Cómo cuidar el peso durante Guadalupe-Reyes

Publicada el septiembre 6, 2026septiembre 10, 2026 por Romina Regil

En México hay una temporada del año en la que el calendario parece diseñado por alguien que desconfiaba profundamente de los días tranquilos y que aparte no le importaba ganar peso adicional.

Todo empieza con reuniones de fin de año, sigue con el 12 de diciembre, aparecen las posadas, llega Nochebuena, luego Navidad, Año Nuevo, recalentado, rosca de Reyes… y, cuando uno quiere darse cuenta, enero ya encontró una silla en la mesa.

A ese tramo festivo se le conoce popularmente como Guadalupe-Reyes, una especie de maratón gastronómico y social que suele ir del Día de la Virgen de Guadalupe, el 12 de diciembre, al Día de Reyes, el 6 de enero.

Y cada año se repite la misma historia.

Primero comemos como si enero no existiera. Después llega enero y queremos compensarlo todo en una semana o perdemos la cabeza buscando el mejor precio de Mounjaro.

Restricción. Culpa. Dieta extrema. Gimnasio con entusiasmo casi religioso. Otra vez hambre. Otra vez exceso.

No tiene por qué funcionar así.

Cuidar el peso durante las fiestas decembrinas no exige renunciar al ponche, al bacalao, a los tamales o a una rebanada de rosca.
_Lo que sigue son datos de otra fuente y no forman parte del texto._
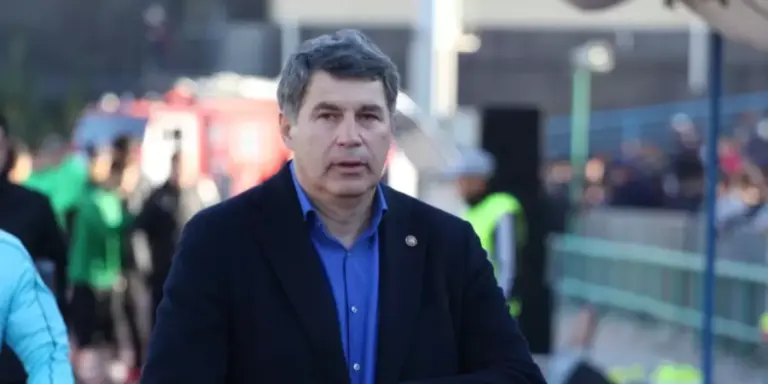 «Орыс тілін меңгерген болуы тиіс»: Виктор Кумыков ұлттық құраманы кім баптауы керектігін айтты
Lo que suele funcionar mejor es algo bastante menos espectacular: mantener cierta normalidad dentro de una época que invita justamente a abandonarla.

El verdadero problema no suele ser la cena de Navidad

Una cena especial difícilmente explica por sí sola un cambio relevante y sostenido de peso.

Lo que pesa —literal y figuradamente— es la acumulación.

El desayuno cotidiano cambia porque quedaron tamales. Al mediodía aparece la comida de la oficina. En la tarde alguien ofrece galletas. Por la noche hay posada. Al día siguiente, recalentado.

No hubo una gran decisión. Hubo veinte pequeñas.

Ahí está una de las claves para entender el peso en fiestas decembrinas: no se trata de convertir los eventos especiales en comidas “light”, sino de evitar que cada día completo se transforme en una celebración gastronómica desde que uno despierta hasta que se va a dormir.

Si sabes que tendrás una cena abundante, puedes comer normalmente durante el resto del día.

Sí, normalmente.

No hace falta saltarse el desayuno para “guardar calorías”. Tampoco sobrevivir con café hasta las seis de la tarde. Llegar con hambre feroz a una posada es como entrar a un supermercado después de no comer en todo el día: de pronto absolutamente todo parece indispensable.

Comer en posadas sin sentir que hay que elegir entre disfrutar y cuidarse

Una posada mexicana rara vez ofrece una ensalada tibia y agua mineral como protagonistas de la noche.

Hay tamales, tostadas, buñuelos, ponche, pozole, pambazos, dulces de la piñata. A veces todo junto. Una demostración bastante convincente de que nuestra cultura nunca entendió la palabra “moderación” como sinónimo de aburrimiento.

La idea no es convertir esa mesa en un campo minado.

Puede funcionar algo tan simple como mirar primero qué hay y elegir aquello que realmente quieres comer.

Parece insignificante, pero cambia mucho.

Cuando probamos “un poquito de todo” sólo porque está disponible, dejamos de comer por gusto y empezamos a comer por inventario. Un tamal que de verdad te encanta puede ser mucho más satisfactorio que medio plato compuesto por siete cosas que ni siquiera querías tanto.

También vale repetir.

El punto no es prohibirlo, sino preguntarse si uno sigue disfrutando el segundo plato igual que el primero.

Hay una diferencia enorme entre comer porque la comida está espectacular y seguir comiendo porque todavía queda.

subir de peso en navidad

La regla que casi nadie menciona: conserva tus comidas normales

Durante diciembre solemos pensar únicamente en lo extraordinario.

La cena del sábado. La posada del jueves. La comida familiar del domingo.

Pero el cuerpo también vive el martes a las 10:30 de la mañana.

Los hábitos en diciembre que más ayudan suelen ser precisamente los aburridos: desayunar de manera habitual, incluir verduras y frutas, beber agua, mantener horarios razonables, dormir suficientemente y seguir moviéndose.

Nada de eso genera una fotografía impresionante para redes sociales.

Funciona justamente por eso.

La Organización Mundial de la Salud recomienda para adultos al menos 150 minutos semanales de actividad física de intensidad moderada, o 75 minutos de actividad vigorosa, junto con trabajo de fortalecimiento muscular en dos o más días de la semana. No es una recomendación creada para diciembre; ésa es la gracia. La salud funciona mejor cuando las fiestas caben dentro de los hábitos, no cuando los hábitos desaparecen hasta febrero.

No hace falta mantener una rutina deportiva perfecta.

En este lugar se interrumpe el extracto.